TASK:
Please copy exactly the lines from the one containing "Svart stickad tröja" to the end of the entries, both included, and nothing else. Omit every picture.
--------
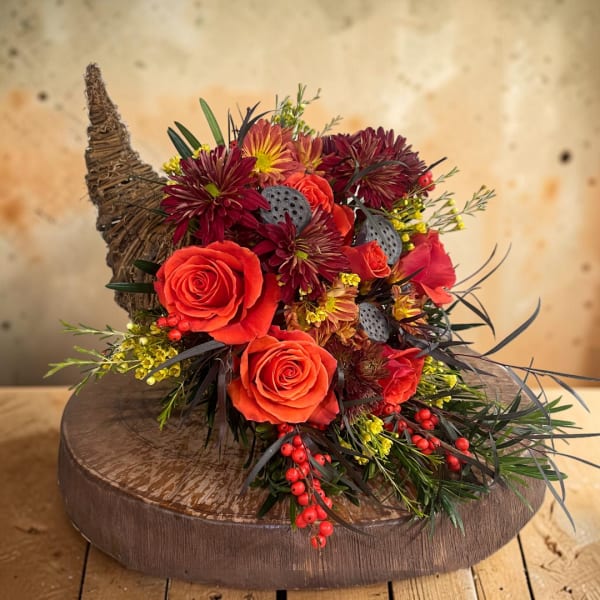 Orange roses and burgundy mums arranged in a rustic basket.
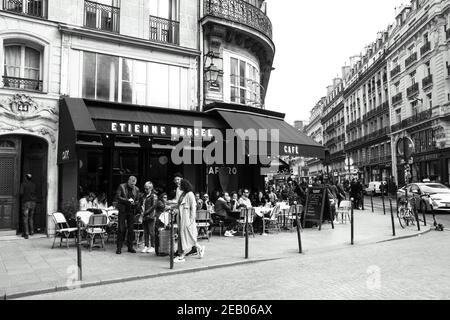 PARIS, FRANCE - 6 AVRIL 2019 : les Parisiens et les touristes s'assoient sur la terrasse du café Etienne Marcel de la rue Montmartre. Photo historique noir blanc Banque D'Images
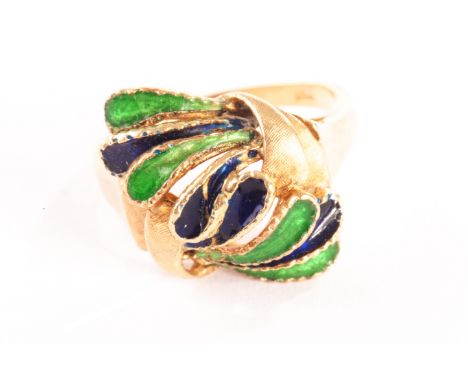 An 18ct gold and enemalled dress ring, the retro style large tablet with champleve green and blue enamel, approx 7.3g 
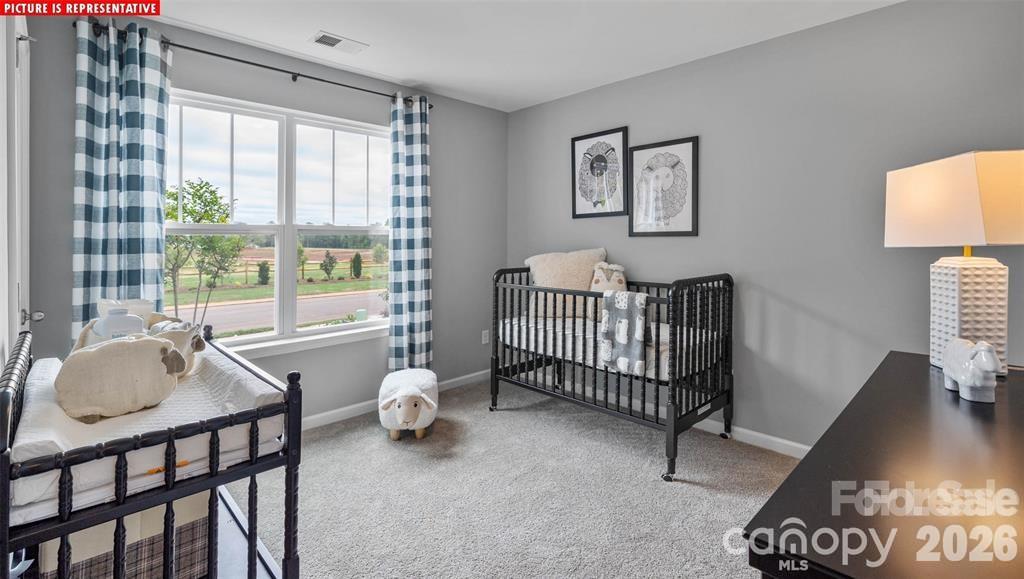 1700 Vanderlyn Street Monroe, NC 28112 - Photo 9 of 19 a bedroom with a bed and a window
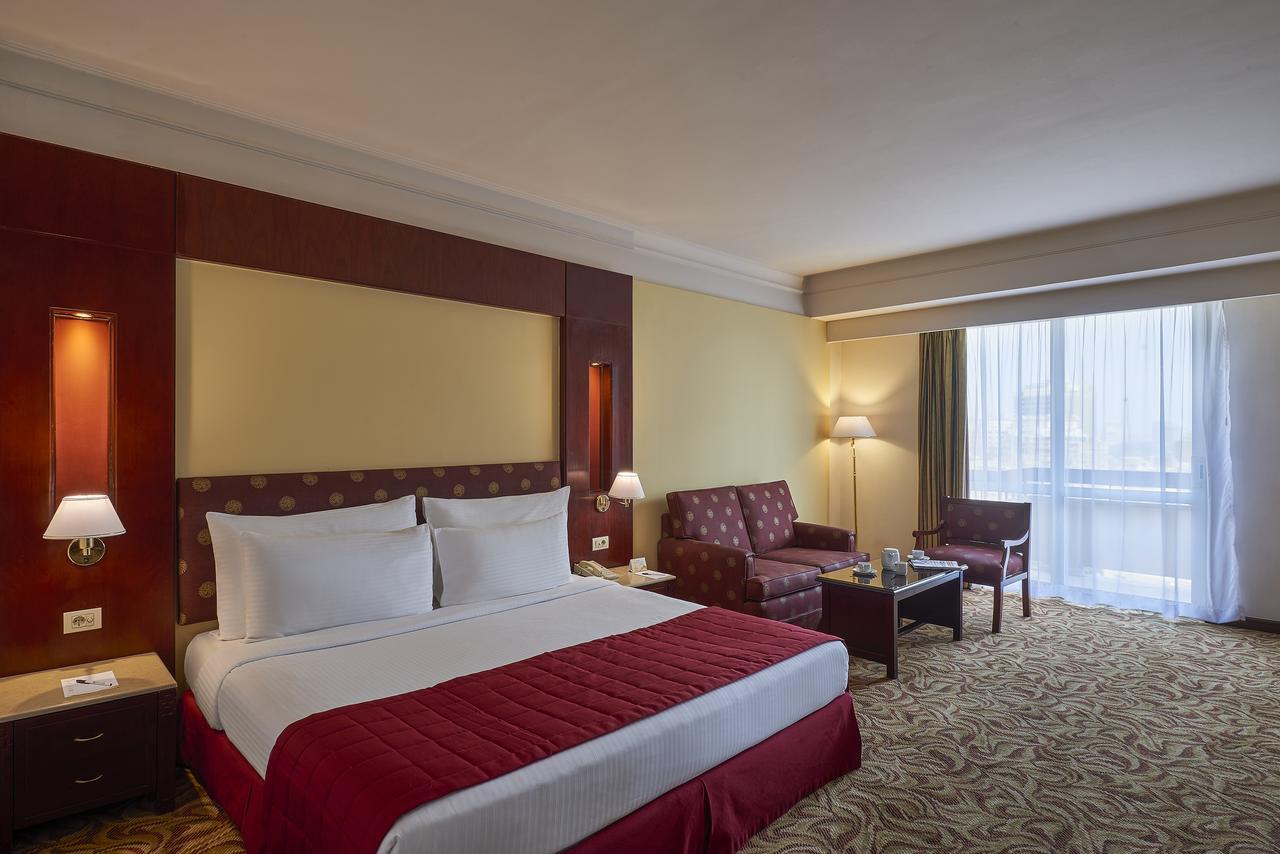 Safir Hotel Cairo Giza Bagian luar foto The image showcases a hotel room featuring a large bed with white linens and a red bedspread. Behind the bed, there is a decorative headboard. The room includes two armchairs and a small coffee table, creating a seating area. Natural light enters thr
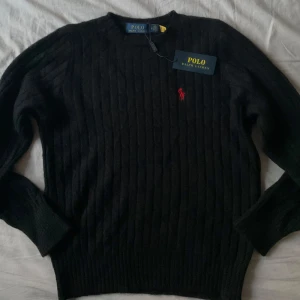 Svart stickad tröja  Polo Ralph Lauren - Kabelstickad svart tröja från Polo Ralph Lauren med rund halsringning och röd broderad logga på bröstet. Klassisk och stilren modell med långa ärmar och ribbade muddar. Perfekt för lager-på-lager.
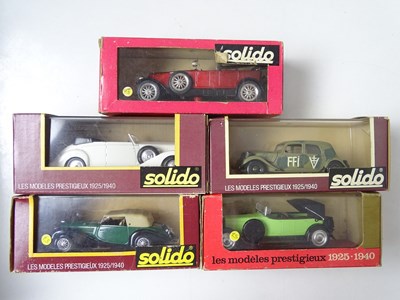 Lot 132 - A group of boxed SOLIDO cars and buses...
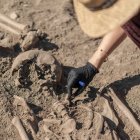 Arqueólogo excavando restos humanos antiguos en un sitio arqueológico. - foto de stock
--------
ANSWER FOR THE TASK:
 Svart stickad tröja  Polo Ralph Lauren - Kabelstickad svart tröja från Polo Ralph Lauren med rund halsringning och röd broderad logga på bröstet. Klassisk och stilren modell med långa ärmar och ribbade muddar. Perfekt för lager-på-lager.
 Lot 132 - A group of boxed SOLIDO cars and buses...
 Arqueólogo excavando restos humanos antiguos en un sitio arqueológico. - foto de stock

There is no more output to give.